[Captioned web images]

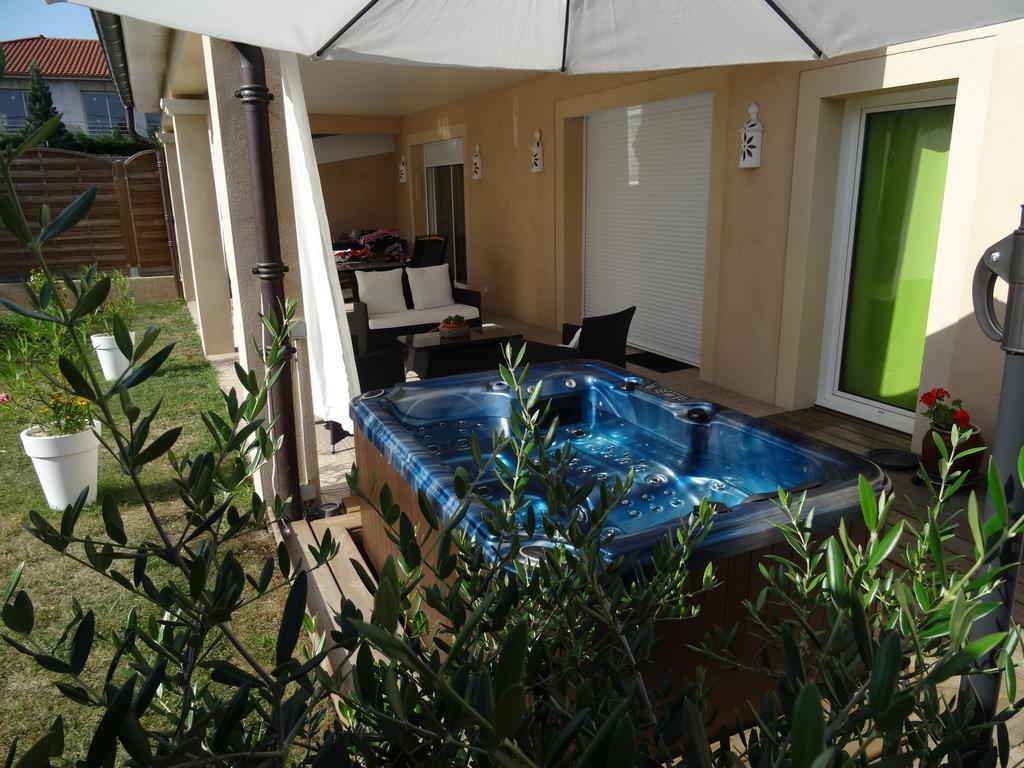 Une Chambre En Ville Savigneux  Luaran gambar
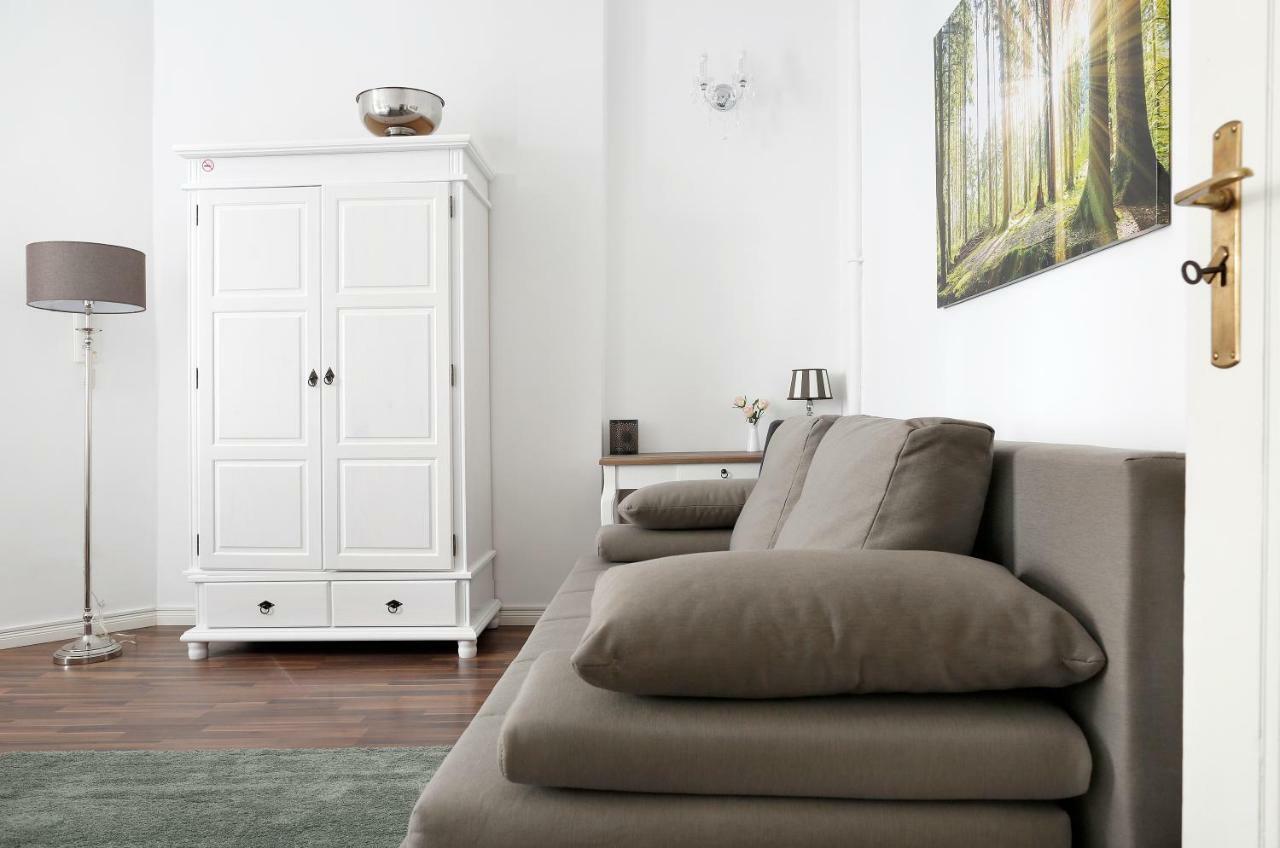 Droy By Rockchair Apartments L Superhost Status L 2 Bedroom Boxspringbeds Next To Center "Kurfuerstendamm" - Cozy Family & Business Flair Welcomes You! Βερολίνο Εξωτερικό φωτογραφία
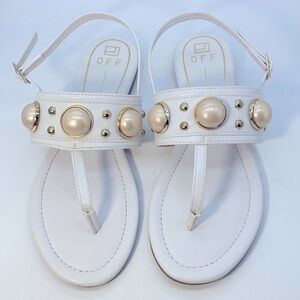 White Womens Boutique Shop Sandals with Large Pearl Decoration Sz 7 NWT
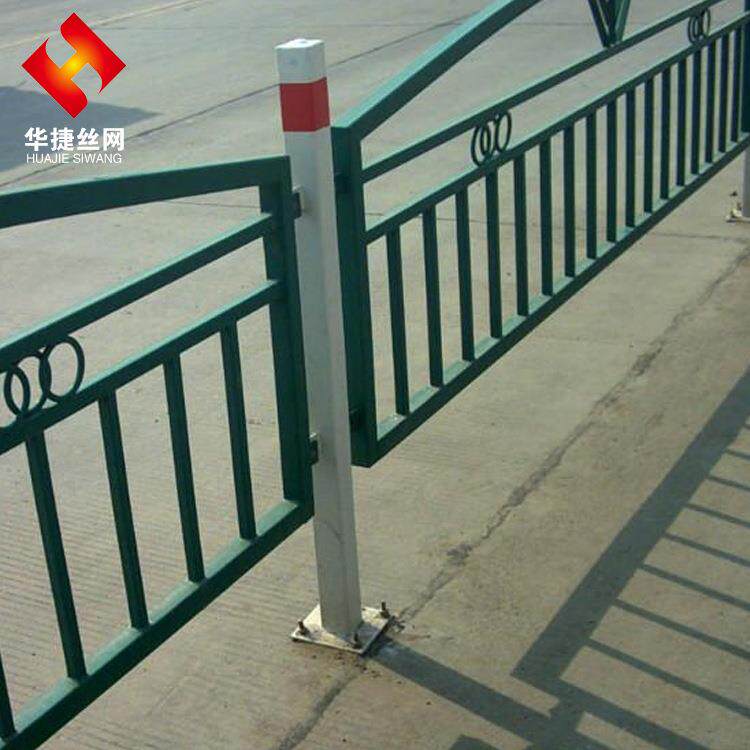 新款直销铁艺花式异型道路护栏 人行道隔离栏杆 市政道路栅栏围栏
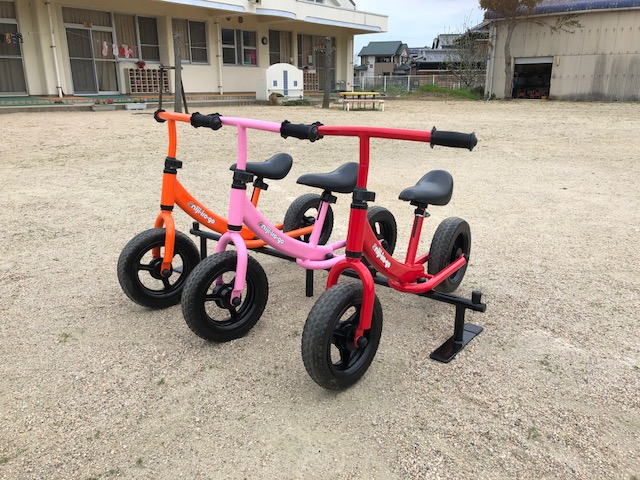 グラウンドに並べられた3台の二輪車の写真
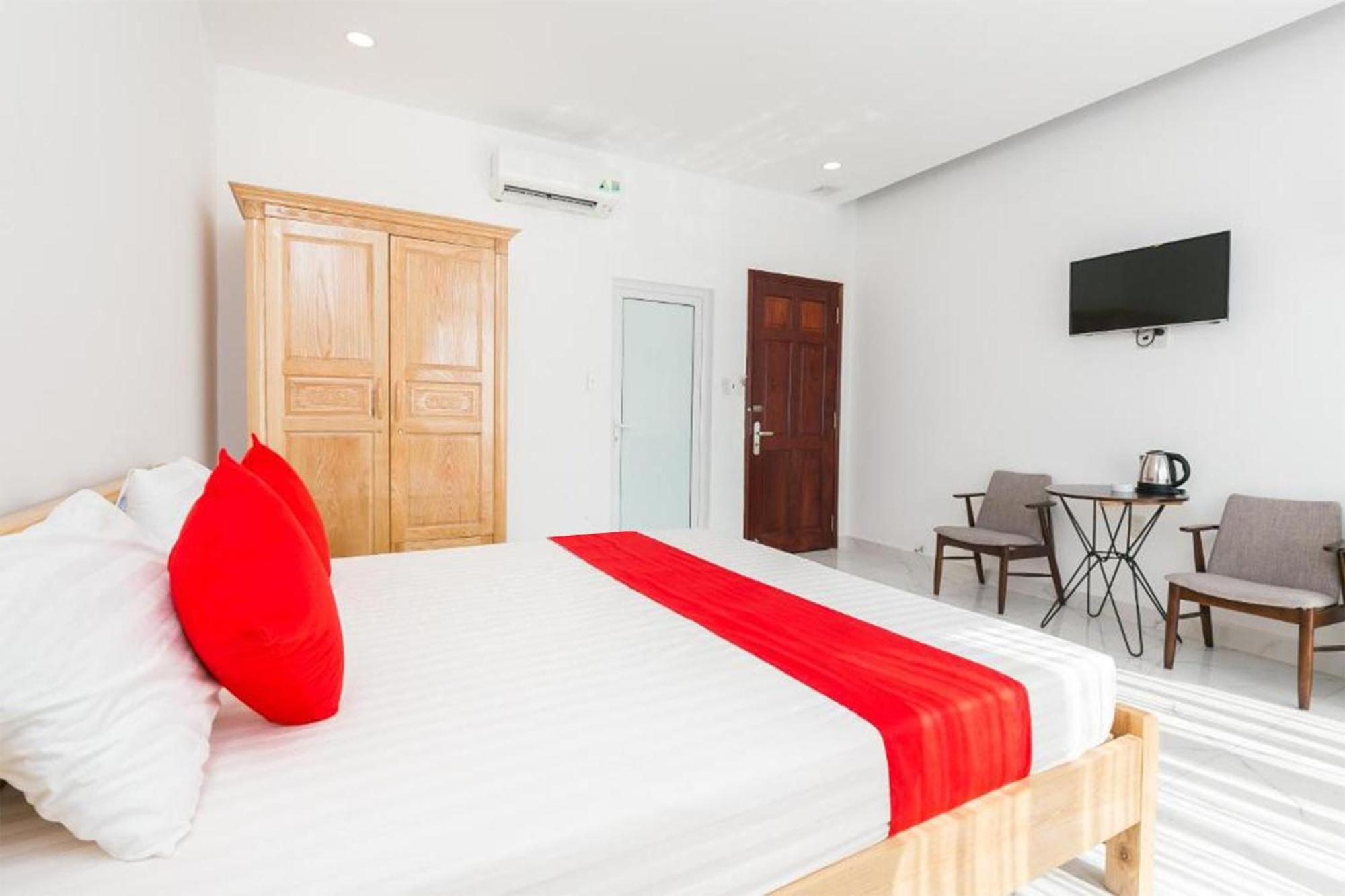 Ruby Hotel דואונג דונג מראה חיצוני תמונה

# Exercise goal:
An exact copy of all the entries above is required, with every picture left out.

# Solved problem:
 Une Chambre En Ville Savigneux  Luaran gambar
 Droy By Rockchair Apartments L Superhost Status L 2 Bedroom Boxspringbeds Next To Center "Kurfuerstendamm" - Cozy Family & Business Flair Welcomes You! Βερολίνο Εξωτερικό φωτογραφία
 White Womens Boutique Shop Sandals with Large Pearl Decoration Sz 7 NWT
 新款直销铁艺花式异型道路护栏 人行道隔离栏杆 市政道路栅栏围栏
 グラウンドに並べられた3台の二輪車の写真
 Ruby Hotel דואונג דונג מראה חיצוני תמונה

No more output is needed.